The breach, however, appears to be the latest in a string of embarrassing post-attack security gaffes at Logan, the point of origin for two of the four jets hijacked and crashed by allegedly suicidal Islamic extremists at a cost of more than 6,000 lives.
Last week, embattled Massport executive director Virginia Buckingham disclosed that undercover State Police officers had smuggled a folding knife and a pocket full of bullets past airport security checkpoints, which are controlled by private security companies hired by the airlines.
Phillips said he had no luggage because he was only making a day trip to Michigan to take measurements for a drapery job. Already having purchased an ''e-ticket'' over the Internet and carrying only his car keys, a wallet, and a tape measure, he said he was told by an agent at the baggage counter that he could go straight to the gate.
Which he did.
The nearest security checkpoint was unmanned, with metal gates covering the front of the metal detectors.
An adjacent walkway into the gate area was wide open, however, and since there was no one around, he went through, assuming that security personnel had been moved farther inside the terminal.
Reaching the gate unchallenged, he said, he knew something was wrong.
''I just walked in and went over right to the gate,'' Phillips said. ''I thought it was a little peculiar.''
After receiving his seat assignment, he began to make his way back into the airport, only to meet a rush of state troopers and deputy US marshals.
Phillips said he was later told that other passengers had alerted authorities after seeing two other people take the same unguarded route to the gate that he did - through an exit walkway for arriving passengers that was supposed to have been guarded.
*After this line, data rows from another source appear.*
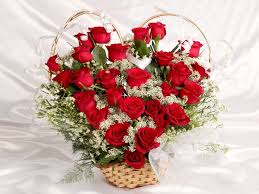 Rely on us for same day and midnight online. Send Flowers Anonymously India 2021 At En Mdg Sdg3d Undp Org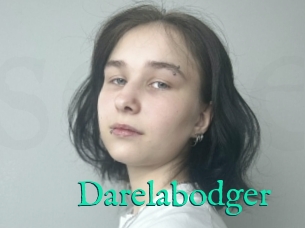 Darelabodger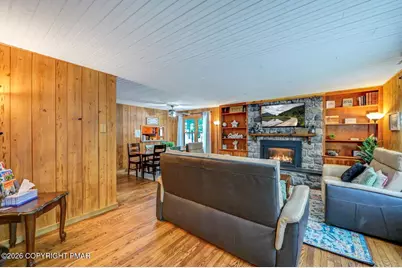  340 Moseywood Road, Lake Harmony, PA 18624 - Photo 41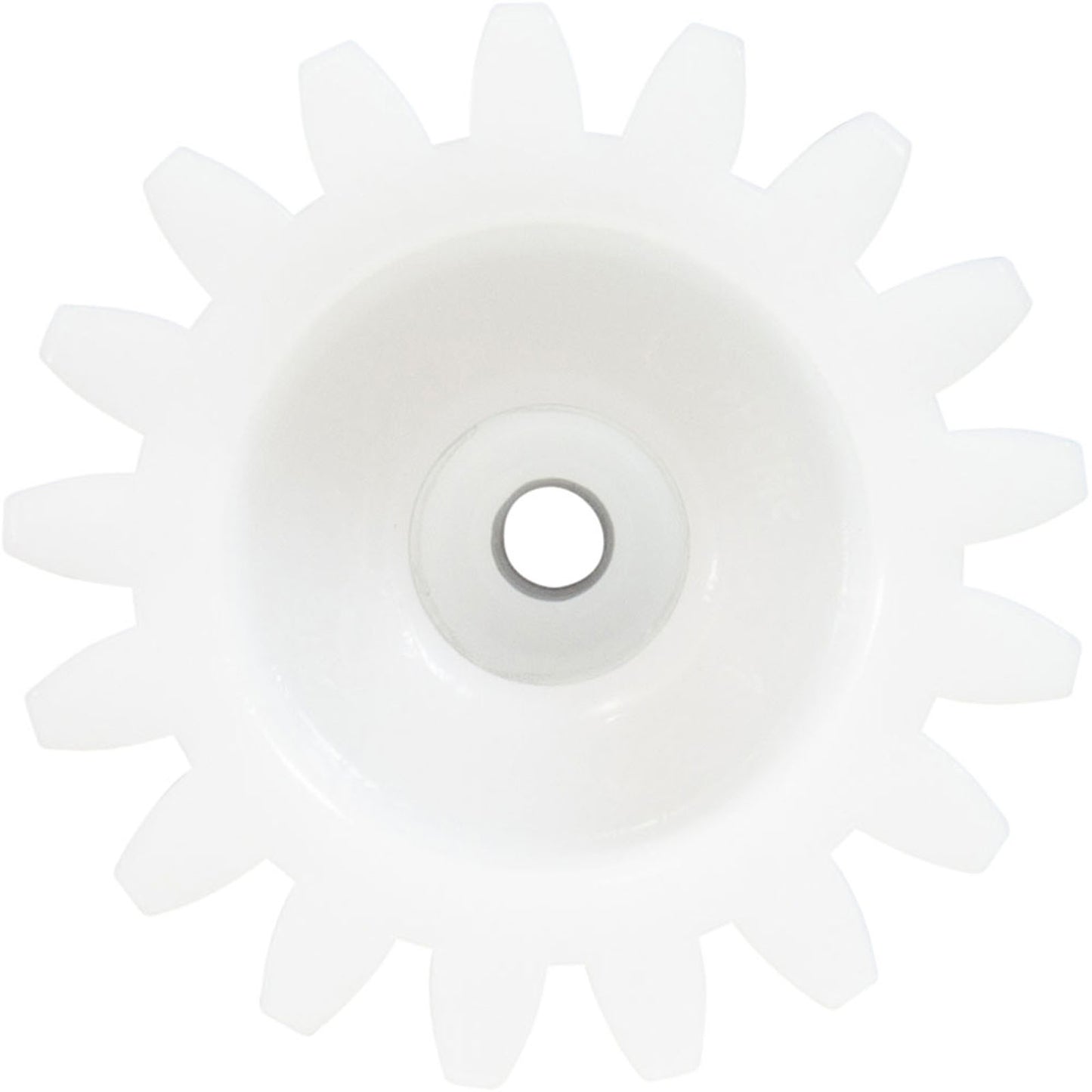 Gear, Zodiac Polaris 9300/9350/9400/9450/9550/9650iQ, 17 Pt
David Castelveter, a spokesman for US Airways, yesterday said only that the airline had a security ''concern'' at Logan Saturday that necessitated the rescreening of passengers.
''We will not discuss specifics,'' Castelveter said.
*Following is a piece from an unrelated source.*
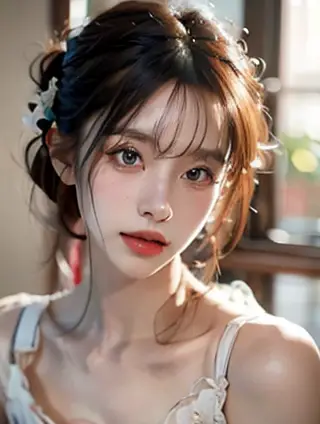 Bissell与百度推广费用入账技巧：一场营销与财务管理的交响曲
Phillips, meanwhile, said he will continue flying out of Logan for business, but not because Massport officials and politicians including former president George Bush and Florida Governor Jeb Bush have tried to assure the public that it is safe. He flies because he has to, he said.
''The sad part is that all the politicians are trying to get people's confidence up, but [the authorities] seem more interested in getting the economy running again than in real security,'' Phillips said.